**MATERIAL PROVIDED:**
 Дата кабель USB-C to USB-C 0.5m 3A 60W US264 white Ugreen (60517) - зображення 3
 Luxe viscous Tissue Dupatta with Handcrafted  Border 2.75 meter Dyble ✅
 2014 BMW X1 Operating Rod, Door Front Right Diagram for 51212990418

--

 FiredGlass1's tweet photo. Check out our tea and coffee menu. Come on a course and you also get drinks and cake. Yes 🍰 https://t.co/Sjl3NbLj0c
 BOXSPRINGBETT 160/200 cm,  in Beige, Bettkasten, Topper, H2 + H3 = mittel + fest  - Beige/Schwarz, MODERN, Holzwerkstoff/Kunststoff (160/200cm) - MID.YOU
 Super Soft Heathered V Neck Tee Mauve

**TO DO:** Of the entries above, repeat exactly the lines from the line with "Дата кабель USB-C" through the line with "2014 BMW X1", both of them included.

**WRITTEN SOLUTION:**
 Дата кабель USB-C to USB-C 0.5m 3A 60W US264 white Ugreen (60517) - зображення 3
 Luxe viscous Tissue Dupatta with Handcrafted  Border 2.75 meter Dyble ✅
 2014 BMW X1 Operating Rod, Door Front Right Diagram for 51212990418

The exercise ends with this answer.